◆ **Task to complete**
From the entries below, return only the lines starting at the one that contains "Pachygrontha antennata" and ending at the one that contains "SP Juliana Hatfield: Christmas", exactly as they stand.

◆ **Input**

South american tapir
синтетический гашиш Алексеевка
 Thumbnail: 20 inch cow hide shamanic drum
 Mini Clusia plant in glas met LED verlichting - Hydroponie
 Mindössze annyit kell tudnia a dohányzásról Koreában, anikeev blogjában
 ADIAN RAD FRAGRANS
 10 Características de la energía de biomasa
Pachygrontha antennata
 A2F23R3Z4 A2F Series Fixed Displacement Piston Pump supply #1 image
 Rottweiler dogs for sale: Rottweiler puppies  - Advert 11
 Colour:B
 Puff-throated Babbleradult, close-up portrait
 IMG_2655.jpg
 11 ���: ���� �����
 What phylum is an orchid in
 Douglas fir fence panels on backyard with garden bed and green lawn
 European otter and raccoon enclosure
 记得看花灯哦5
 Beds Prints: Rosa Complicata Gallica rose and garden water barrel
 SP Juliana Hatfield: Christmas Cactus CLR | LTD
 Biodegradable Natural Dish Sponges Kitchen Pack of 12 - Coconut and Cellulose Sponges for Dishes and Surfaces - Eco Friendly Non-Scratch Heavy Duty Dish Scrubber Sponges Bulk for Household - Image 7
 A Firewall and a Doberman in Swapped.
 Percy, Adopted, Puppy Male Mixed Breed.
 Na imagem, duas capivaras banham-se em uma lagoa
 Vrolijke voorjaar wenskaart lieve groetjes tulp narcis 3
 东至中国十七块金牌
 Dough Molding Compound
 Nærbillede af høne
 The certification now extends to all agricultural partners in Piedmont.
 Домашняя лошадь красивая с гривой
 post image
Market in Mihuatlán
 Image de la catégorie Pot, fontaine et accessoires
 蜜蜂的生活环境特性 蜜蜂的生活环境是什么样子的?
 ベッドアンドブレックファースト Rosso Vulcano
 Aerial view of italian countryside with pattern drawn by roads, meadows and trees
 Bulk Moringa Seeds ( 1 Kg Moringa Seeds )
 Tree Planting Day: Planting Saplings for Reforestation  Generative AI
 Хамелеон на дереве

◆ **Exercise response**
Pachygrontha antennata
 A2F23R3Z4 A2F Series Fixed Displacement Piston Pump supply #1 image
 Rottweiler dogs for sale: Rottweiler puppies  - Advert 11
 Colour:B
 Puff-throated Babbleradult, close-up portrait
 IMG_2655.jpg
 11 ���: ���� �����
 What phylum is an orchid in
 Douglas fir fence panels on backyard with garden bed and green lawn
 European otter and raccoon enclosure
 记得看花灯哦5
 Beds Prints: Rosa Complicata Gallica rose and garden water barrel
 SP Juliana Hatfield: Christmas Cactus CLR | LTD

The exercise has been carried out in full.